## EXERCISE INPUTS
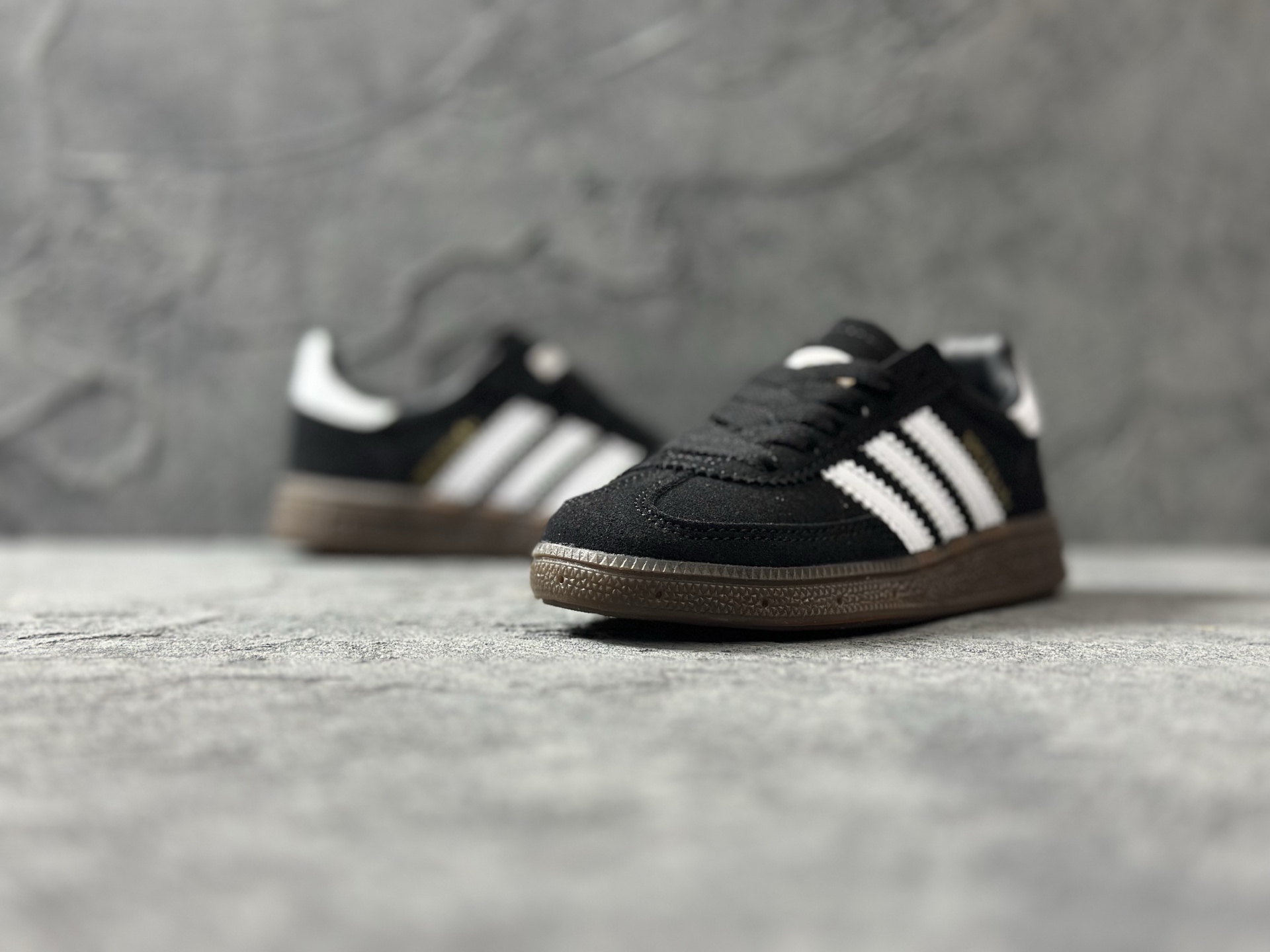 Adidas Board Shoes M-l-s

...

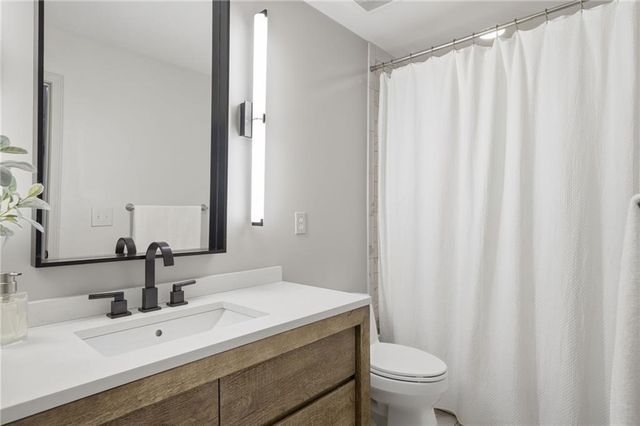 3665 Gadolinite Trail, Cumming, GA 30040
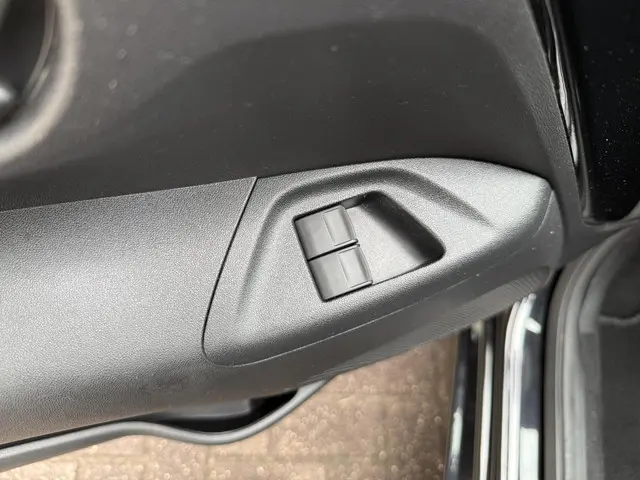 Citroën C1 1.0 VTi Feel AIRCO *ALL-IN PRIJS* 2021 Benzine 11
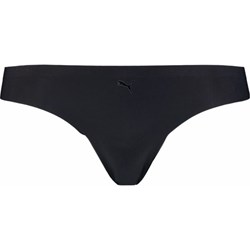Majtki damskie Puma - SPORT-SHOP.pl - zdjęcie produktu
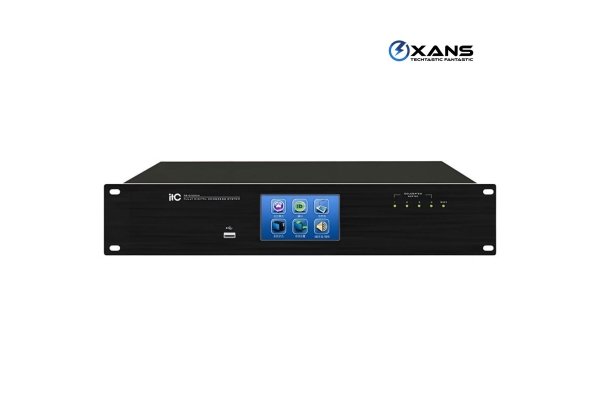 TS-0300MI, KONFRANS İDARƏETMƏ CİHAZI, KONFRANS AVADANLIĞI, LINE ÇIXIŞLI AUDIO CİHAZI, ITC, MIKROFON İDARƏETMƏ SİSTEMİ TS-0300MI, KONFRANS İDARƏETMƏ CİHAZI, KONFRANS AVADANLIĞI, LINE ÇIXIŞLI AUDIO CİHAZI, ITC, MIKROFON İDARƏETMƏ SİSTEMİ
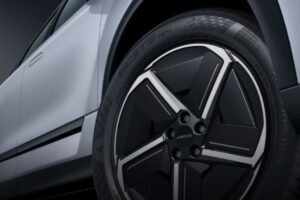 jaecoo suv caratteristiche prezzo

==

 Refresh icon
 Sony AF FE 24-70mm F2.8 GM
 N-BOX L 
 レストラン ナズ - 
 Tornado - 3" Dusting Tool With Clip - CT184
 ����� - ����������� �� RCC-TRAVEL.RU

## WHAT TO WORK ON
Go to the line above that has "SİSTEMİ TS-0300MI, KONFRANS" and copy exactly from there down to the line that has "jaecoo suv caratteristiche prezzo", both included. Leave the pictures out.

## COMPLETED EXERCISE
 TS-0300MI, KONFRANS İDARƏETMƏ CİHAZI, KONFRANS AVADANLIĞI, LINE ÇIXIŞLI AUDIO CİHAZI, ITC, MIKROFON İDARƏETMƏ SİSTEMİ TS-0300MI, KONFRANS İDARƏETMƏ CİHAZI, KONFRANS AVADANLIĞI, LINE ÇIXIŞLI AUDIO CİHAZI, ITC, MIKROFON İDARƏETMƏ SİSTEMİ
 jaecoo suv caratteristiche prezzo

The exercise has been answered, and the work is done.